Two provisions of the ordinance apply particularly to petitioners' land. Section IV (A) thereof limits the uses, to which a lot in a Residence AA district may be put, to one single family detached dwelling, a church, public or parochial school, college, library or museum, or a philanthropic or religious institution. More particularly, section IV (C) thereof requires a minimum lot area of 40,000 square feet for each principal building.
It is not disputed that petitioners' lot contains less than the required land area. If the terms of the ordinance above stated were applied literally in this case, there is no permitted use thereunder to which the land may be put. In such circumstances petitioners are deprived of all beneficial use of their lot. We are convinced that the board was aware that a denial of a variance here would result in unnecessary hardship and that it denied petitioners such relief because it was of the opinion that unnecessary hardship, within the meaning of the act, does not result when the land is purchased with knowledge of the zoning restrictions.

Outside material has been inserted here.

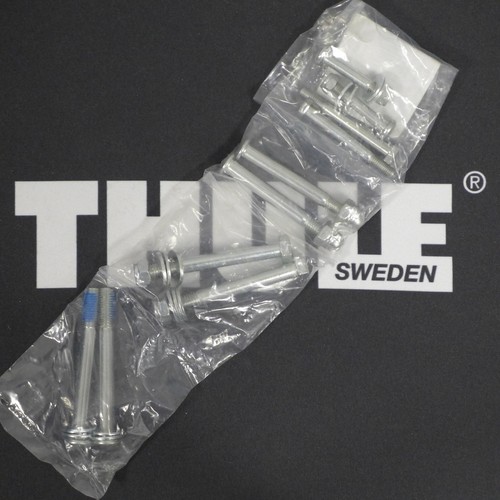 Thule mounting kit for body - for,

We do not agree with the proposition that an application for a variance must be denied because the applicant knew when he purchased the land that its use was limited by zoning restrictions. In Strauss v. Zoning Board of Review, 72 R.I. 107, 48 A.2d 349, we granted certiorari and quashed the record where the board had granted a variance. In that case the court commented on the knowledge of the applicant concerning the existence of zoning restrictions. But we held that he was not entitled to a variance, because he had failed to establish by competent evidence that an application of the terms of the ordinance would deprive him of all beneficial use of his land. His evidence established only that he could not make the most profitable use of his land in such circumstances. This we stated does not. constitute the hardship contemplated by the act. The decision was not predicated either in whole or in part on the fact that the applicant knew of the existence of zoning restrictions affecting the land when he purchased it.

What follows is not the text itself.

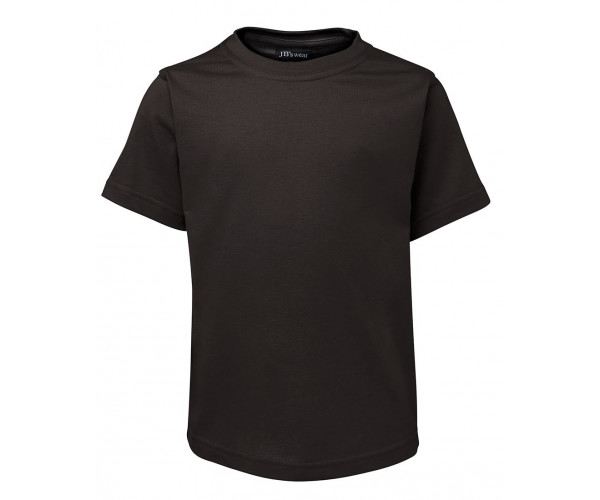 Kids Plain Cotton T Shirt Kids Plain Cotton T Shirt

The question of whether an applicant is entitled to a variance because of hardship flowing from a literal application of the terms of the ordinance is in no way dependent upon his knowledge or lack of knowledge of the existence of zoning restrictions affecting the land. The test of one's right to a variance under the act is whether unnecessary hardship would result from a literal application of the pertinent terms of the ordinance. There is ample evidence in the record here to establish that petitioners would be deprived of all beneficial use of their land if the terms of the ordinance were literally applied. For these reasons we are of the opinion that the decision of the board was arbitrary and an abuse of discretion.
The petition for certiorari is granted, the decision of the respondent board is quashed, and the papers in the case which have been certified to this court are ordered sent back to the board.
FLYNN, C. J., and ANDREWS, J., not participating.